**TASK REQUIREMENTS**
Whenever a line carries the word "Black", pull it out of the entries.

**DATASET**
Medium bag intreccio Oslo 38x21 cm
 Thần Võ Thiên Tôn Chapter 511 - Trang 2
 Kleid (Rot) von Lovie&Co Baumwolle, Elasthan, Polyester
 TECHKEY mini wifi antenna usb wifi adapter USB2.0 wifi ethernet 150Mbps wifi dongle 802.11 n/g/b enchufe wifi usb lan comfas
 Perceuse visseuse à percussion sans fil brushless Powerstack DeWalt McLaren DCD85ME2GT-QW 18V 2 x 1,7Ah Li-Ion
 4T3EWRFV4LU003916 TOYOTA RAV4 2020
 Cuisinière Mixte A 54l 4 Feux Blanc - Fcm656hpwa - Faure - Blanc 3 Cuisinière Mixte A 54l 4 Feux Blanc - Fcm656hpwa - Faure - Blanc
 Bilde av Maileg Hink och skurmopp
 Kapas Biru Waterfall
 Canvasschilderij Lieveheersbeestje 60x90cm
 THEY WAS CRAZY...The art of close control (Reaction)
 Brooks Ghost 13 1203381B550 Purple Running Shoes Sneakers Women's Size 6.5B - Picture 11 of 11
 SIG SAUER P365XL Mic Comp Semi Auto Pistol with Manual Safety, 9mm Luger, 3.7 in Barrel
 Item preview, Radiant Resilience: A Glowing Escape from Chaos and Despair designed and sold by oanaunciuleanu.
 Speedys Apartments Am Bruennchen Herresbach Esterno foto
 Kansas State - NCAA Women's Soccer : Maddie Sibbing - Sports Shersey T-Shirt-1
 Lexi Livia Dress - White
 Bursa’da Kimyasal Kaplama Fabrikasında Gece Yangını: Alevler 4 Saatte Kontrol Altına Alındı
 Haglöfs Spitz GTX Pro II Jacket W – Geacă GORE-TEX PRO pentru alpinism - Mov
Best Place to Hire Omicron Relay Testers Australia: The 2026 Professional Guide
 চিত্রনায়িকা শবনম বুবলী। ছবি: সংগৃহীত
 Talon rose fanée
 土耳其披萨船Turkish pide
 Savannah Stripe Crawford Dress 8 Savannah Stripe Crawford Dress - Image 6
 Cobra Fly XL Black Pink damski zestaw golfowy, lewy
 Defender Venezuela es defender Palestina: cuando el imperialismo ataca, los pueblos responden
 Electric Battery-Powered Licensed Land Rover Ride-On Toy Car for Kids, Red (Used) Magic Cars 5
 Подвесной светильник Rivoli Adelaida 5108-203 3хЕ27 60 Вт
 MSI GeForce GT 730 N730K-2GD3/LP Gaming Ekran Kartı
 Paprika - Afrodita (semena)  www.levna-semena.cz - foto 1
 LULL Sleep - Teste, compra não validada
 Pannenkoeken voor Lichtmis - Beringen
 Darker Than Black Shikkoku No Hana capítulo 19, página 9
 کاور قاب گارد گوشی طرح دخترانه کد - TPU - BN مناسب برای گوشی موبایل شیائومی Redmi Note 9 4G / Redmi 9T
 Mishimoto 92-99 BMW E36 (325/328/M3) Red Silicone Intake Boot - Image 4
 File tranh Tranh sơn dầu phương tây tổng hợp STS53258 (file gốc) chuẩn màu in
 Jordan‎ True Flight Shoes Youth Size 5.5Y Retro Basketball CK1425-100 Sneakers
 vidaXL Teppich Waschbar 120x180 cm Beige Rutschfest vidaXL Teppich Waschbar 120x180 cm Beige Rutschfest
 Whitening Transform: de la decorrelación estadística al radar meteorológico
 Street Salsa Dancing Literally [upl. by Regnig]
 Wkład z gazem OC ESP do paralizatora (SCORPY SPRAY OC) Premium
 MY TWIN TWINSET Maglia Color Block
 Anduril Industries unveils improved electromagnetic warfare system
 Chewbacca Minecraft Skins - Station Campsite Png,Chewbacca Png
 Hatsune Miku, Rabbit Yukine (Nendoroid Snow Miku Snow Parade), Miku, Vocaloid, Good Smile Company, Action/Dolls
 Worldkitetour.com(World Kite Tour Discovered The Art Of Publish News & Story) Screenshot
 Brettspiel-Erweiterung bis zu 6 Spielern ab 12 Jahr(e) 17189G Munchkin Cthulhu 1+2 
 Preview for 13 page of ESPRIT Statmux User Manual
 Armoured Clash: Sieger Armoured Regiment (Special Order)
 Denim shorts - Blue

**FINAL ANSWER**
 Cobra Fly XL Black Pink damski zestaw golfowy, lewy
 Darker Than Black Shikkoku No Hana capítulo 19, página 9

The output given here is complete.